# How to complete this task:
Every line below is to be given again precisely; images are to be left out.

# Supplied information:
<<<<

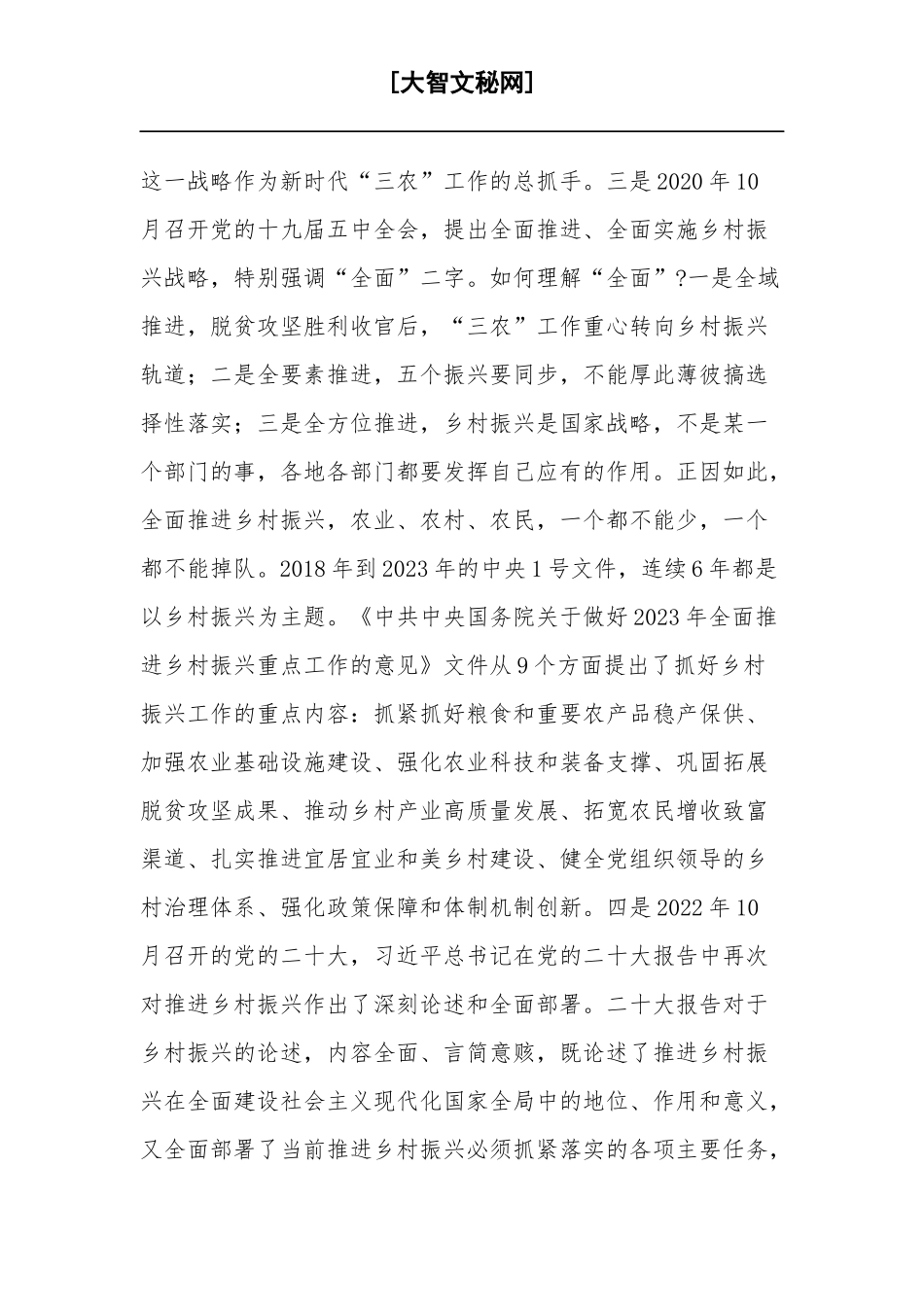 党课讲稿抓党建促乡村振兴.docx_第2页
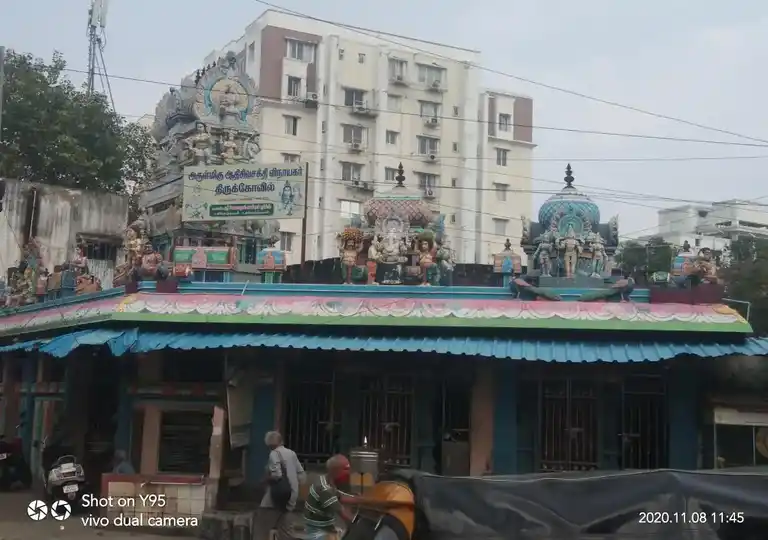 Arulmigu Adhisivasakthi Temple, Mandhaveli, Chennai - 600028 அருள்மிகு ஆதி சிவசக்தி விநாயகர் திருக்கோயில், மந்தைவெளி, சென்னை - 600028, Chennai - Ancient Temple Architecture and History Image 3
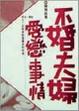 Cover of 不婚夫婦愛戀事情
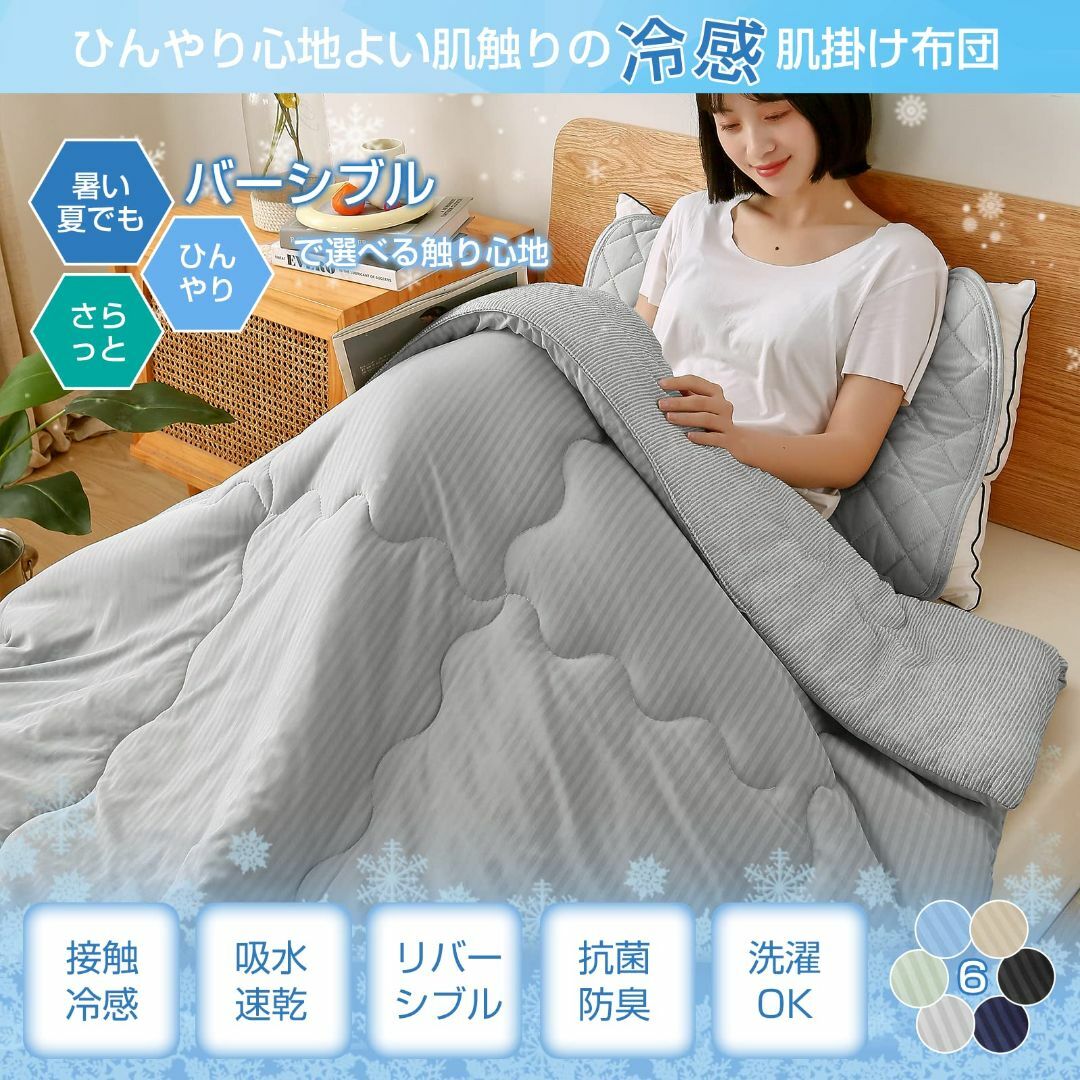 【色: グレー】Matdeco 掛け布団 夏ふとん シングル ひんやり 夏用 肌 インテリア/住まい/日用品の寝具(その他)の商品写真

>>>>

# Exercise response:
 党课讲稿抓党建促乡村振兴.docx_第2页
 Arulmigu Adhisivasakthi Temple, Mandhaveli, Chennai - 600028 அருள்மிகு ஆதி சிவசக்தி விநாயகர் திருக்கோயில், மந்தைவெளி, சென்னை - 600028, Chennai - Ancient Temple Architecture and History Image 3
 Cover of 不婚夫婦愛戀事情
 【色: グレー】Matdeco 掛け布団 夏ふとん シングル ひんやり 夏用 肌 インテリア/住まい/日用品の寝具(その他)の商品写真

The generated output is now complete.